Want a function to use in SQL which is not supported both by Flink and one of the pre-supported udfs? You can simply write your User-Defined function and contribute to the dagger. Read more on how to use UDFs here.

Note: Please go through the Contribution guide to know about all the conventions and practices we tend to follow and to know about the contribution process to the dagger.

For adding custom UDFs follow these steps:

  • Ensure none of the built-in functions or existing UDF suits your requirement.

  • For adding a UDF, figure out which type of UDF you required. Flink supports three types of User defined function. Choose one of them according to the requirement.

  • There are options for programming language you can choose for adding UDF, which is using Java, Scala and Python.

  • For adding UDF with Java/Scala:

    • Follow this for more insights on writing your UDF.
    • UDF needs to be added in the function-type folder inside this on dagger-functions subproject.
    • Extend either of ScalarUdf, TableUdf or AggregateUdf from dagger-common. They are boilerplate contracts extending Flink UDF classes.

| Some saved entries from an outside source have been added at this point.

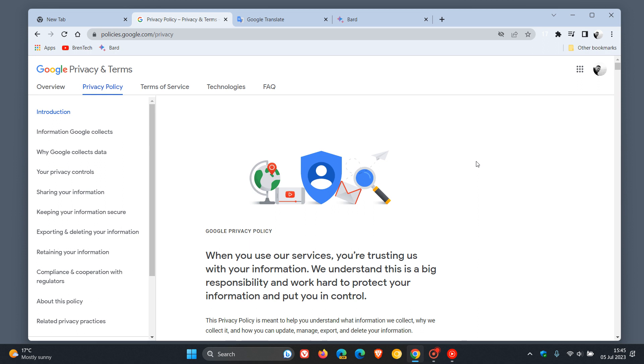In this recent update to their privacy policy, Google has said, and I'm quoting: "For example, we use publicly available information to help train Google's AI models and build products and features like Google Translate, BARD, and cloud AI capabilities." So that's basically the long and short of this updated privacy policy dated the 1st of July.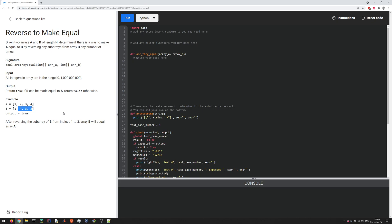This is a bit of a trick question. If you can reverse any subarray any number of times, that's equivalent to being able to swap any two elements. I'd encourage you to think about that and convince yourself it's true. They say you can reverse any subarray — like this, or this, or this — as many times as you like, so basically you can swap things as much as you want.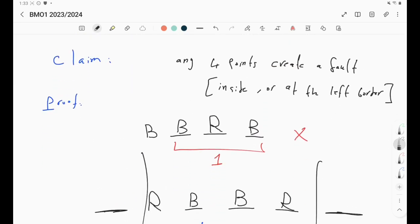All right, so we're done with problem five. In the next video we'll be finishing this BMO1 paper by discussing the last problem, which is problem six. I hope you guys enjoyed the video. Please like, share, and subscribe to the channel, and join the Discord server as well. See you in the next video.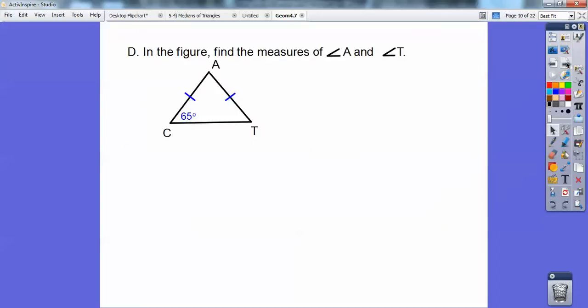Find the measure of angle A and angle T. I have an isosceles triangle — these are the legs, so this is the base. These are both base angles, so angle T must also be 65 degrees. A triangle adds up to 180, so 65 plus 65 is 130, meaning I need 50 more, so angle A is 50 degrees.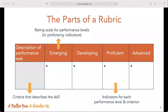The detailed rubric is made up of three parts. The first is the rating scale for performance levels, also referred to as performance or proficiency indicators. In the template, you'll find that this is already determined for you as: emerging, developing, proficient, and advanced.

These classes do some more preprocessing(like exposing some metrics) in the open method behind the scene.
    • Register the UDF in this class. This is required to let Flink know about your function.
    • If you have some business-specific use-cases and you don't want to add UDFs to the open-sourced repo, you can have a separate local codebase for those UDFs. Those UDFs need to be registered in a similar class like the UDFFactory. Keep both the UDF classes and the factory class in the classpath of Dagger. Configure the fully qualified Factory class in the FUNCTION_FACTORY_CLASSES parameter and you will be able to use the desired UDF in your query.
  • For adding UDF with Python:

    • Follow this for more insights on writing your UDF.
    • UDF need to be added inside this on dagger-py-functions directory.
    • Ensure that the filename and method name on the python functions is the same. This name will be registered by dagger as a function name which later can be used on the query.
    • Ensure to add dependency needed for the python function on the requirements.txt file.
    • Add python unit test and the make sure the test is passed.
    • If you have some business-specific use-cases and you don't want to add UDFs to the open-sourced repo, you can have a separate local codebase for those UDFs and specify that file on the python configuration.
  • Bump up the version and raise a PR for the same. Also please add the registered function to the list of udfs doc.

In the subsequent release of the dagger, your functions should be useable in the query.